The court decided not to hear Google's appeal of a ruling by the San Francisco-based 9th US Circuit Court of Appeals last September that the litigation could move forward as a class action representing advertisers who used the service between 2004 and 2008. Google is part of Alphabet Inc.(GOOGL.O)
A Google spokesman said the company does not comment on pending litigation.
The 2008 lawsuit accused Google of violating California fair advertising laws because it misled advertisers about where the ads would be placed.
The Adwords service was primarily aimed at placing ads next to relevant Google Internet search results. But the plaintiffs said Google should have disclosed that ads would also appear in undesirable places such as error pages and undeveloped websites known as parked domains.

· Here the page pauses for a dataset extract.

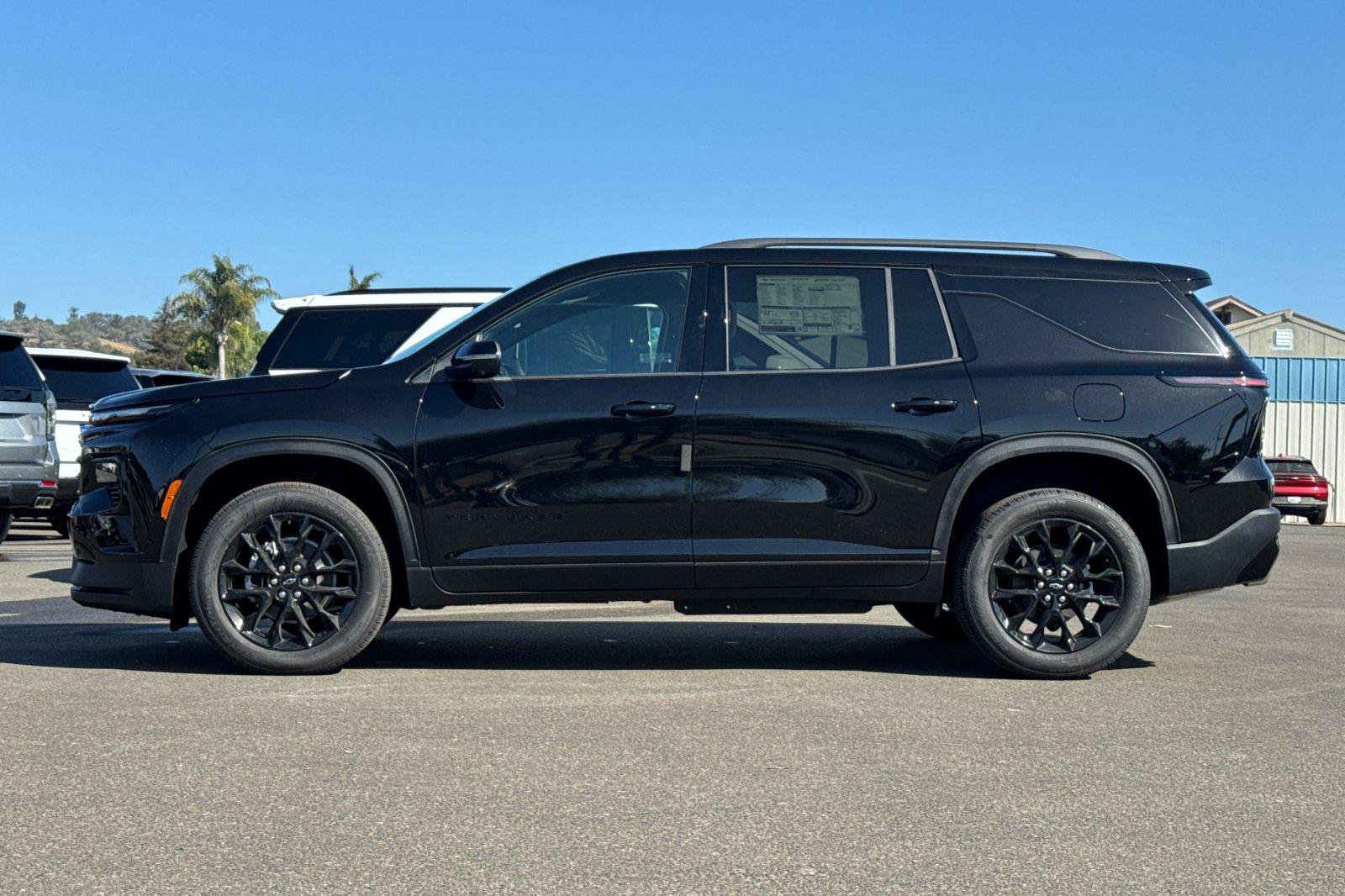 New 2026 Chevrolet Traverse LT w/ Midnight/Sport Edition FWD image 12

A federal district court judge in 2012 ruled that the case could not move forward as a class action in part because each advertiser would receive different damages. Each advertiser would have paid a different sum for the ads in question, the judge said. The appeals court reversed the district court, prompting Google to ask the Supreme Court to intervene.
Under a 2011 US Supreme Court precedent involving claims brought by employees against Wal-Mart Stores Inc, class actions can move forward only if each plaintiff has a similar claim and that claim can be resolved on a class-wide basis.
The Supreme Court has shied away from taking new class action cases since the death in February of Justice Antonin Scalia, who had authored the 2011 Wal-Mart ruling. Scalia had been a leader of the court's moves in recent years to curb class action litigation, although that trend was not borne out in three class action cases decided during its current term.